As/Is







8.20.2008


Errancy & the Meaning of "Mango"

Eavesdropping, shamelessly, amongst the clatter of business-day cups and
loose change exchanged at a favorite, local, blue-collar, coffee shop, “Blue
Horses: A Series of Events Seemingly Mundane” stumbles upon “real life.”
It’s not the unvarnished truth “Blue Horses: A Series of Events Seemingly
Mundane” records but a facsimile, the fleshed-out approximations of voice foreshadowed unerringly, rewound, and played back: “Don’t look now but isn’t
that your long-lost love waiting for the bus across the street?” says a man,
a shop keeper, who nudges his friend sitting next to him at the counter.

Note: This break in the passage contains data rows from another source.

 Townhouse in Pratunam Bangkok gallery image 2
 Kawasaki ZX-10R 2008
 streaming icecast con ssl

A) His friend looks. He doesn’t see. Or doesn’t want to see. B) His friend
doesn’t look and sees her forever as the girl he remembers, who left him
because of the wrong words all the time. The friend turns to the shop keeper
“She wanted words drizzled over her like honey on shortbread. Plagiarism
killed that romance not silence like so many guys tell me killed theirs.
The word mango for instance. I looked up this poem about mangos once…well,
not about mangos per se but about the word "mango" itself it turned out…

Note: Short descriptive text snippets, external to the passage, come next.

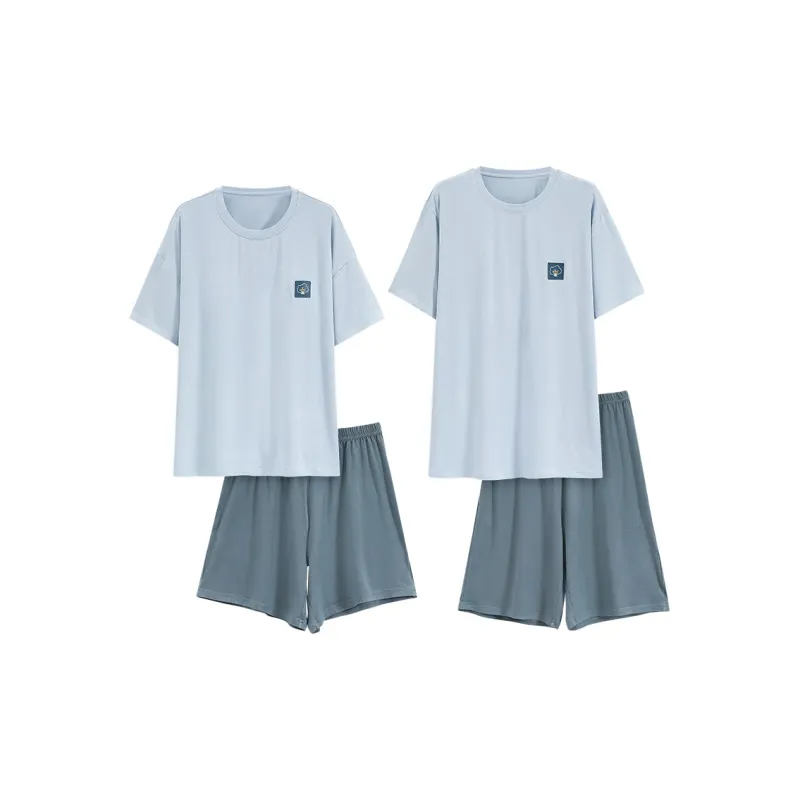 Good fortune Unisex Pajama Sets-8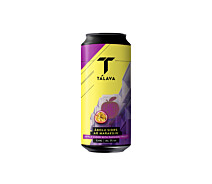 Купить - сидр  Talavas Sidrs Apple Cider Sweet with Passion Fruit 0,44 л (4751026240241)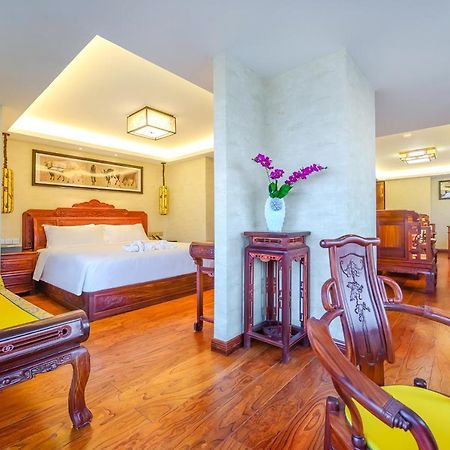 Mercure Chongqing Downtown Zewnętrze zdjęcie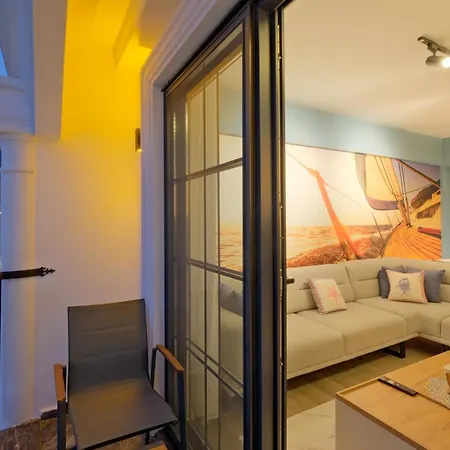 Cordon 61 By Ocekhomes شقة فتحية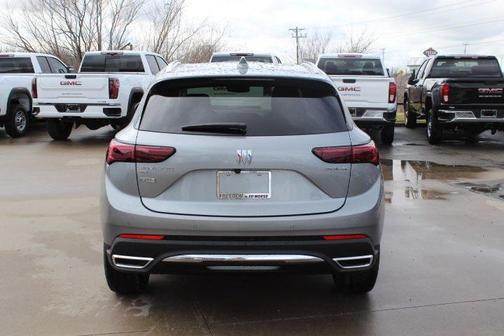 2025 Buick Envision Preferred AWD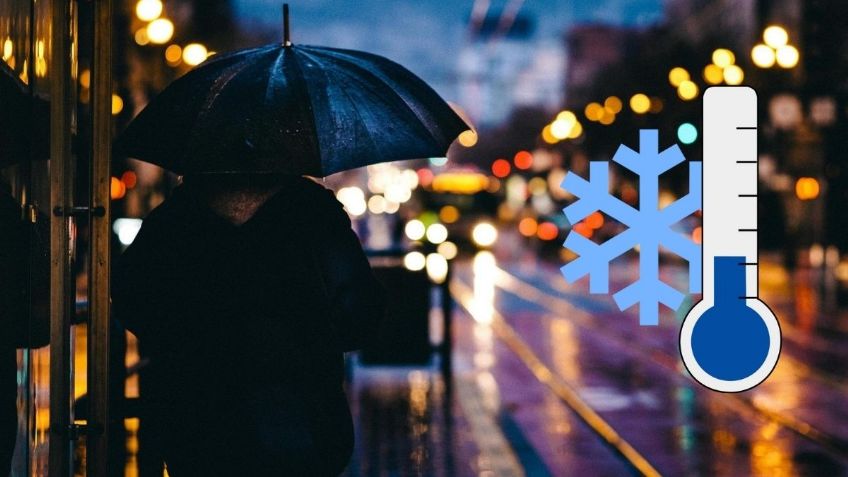 Frente frío 42: ¿Cuándo entra y qué estados serán afectados?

and tried to impress her with the beauty of this poem about mangos: ‘I love
you much as I do the word mango dripping from my tongue’ I recited. She
only got huffy when I asked her if she liked what I’d written. She paused,
sensed it wasn’t mine, called it inauthentic, fraudulent, ersatz, plagiarized.
'Well, Christ,’ I snarled, ‘damn a man for trying to be romantic.’ ‘Words,
if one is in love, flow like water down a brook’ she said. Always sounded
like some book. She left me a week later, claimed I didn’t know who I was
'cause I copied poems.” A man, sitting on the other side of the shop keeper
at the counter, chuckles then pauses, thinking it an odd conclusion. The
friend just grins uneasily and blows calmly on his coffee, hoping to forget
the entire affair. “Blue Horses: A Series of Events Seemingly Mundane” has
overheard enough but keeps thinking about what he’s heard & the significance
of the word mango. Has “Blue Horses: A Series of Events Seemingly Mundane”
missed the point? Some errant thing has taken root. “Blue Horses: A Series
of Events Seemingly Mundane” just sits there saying it over & over, softly
like a prayer: mango mango mango mango mango mango mango mango.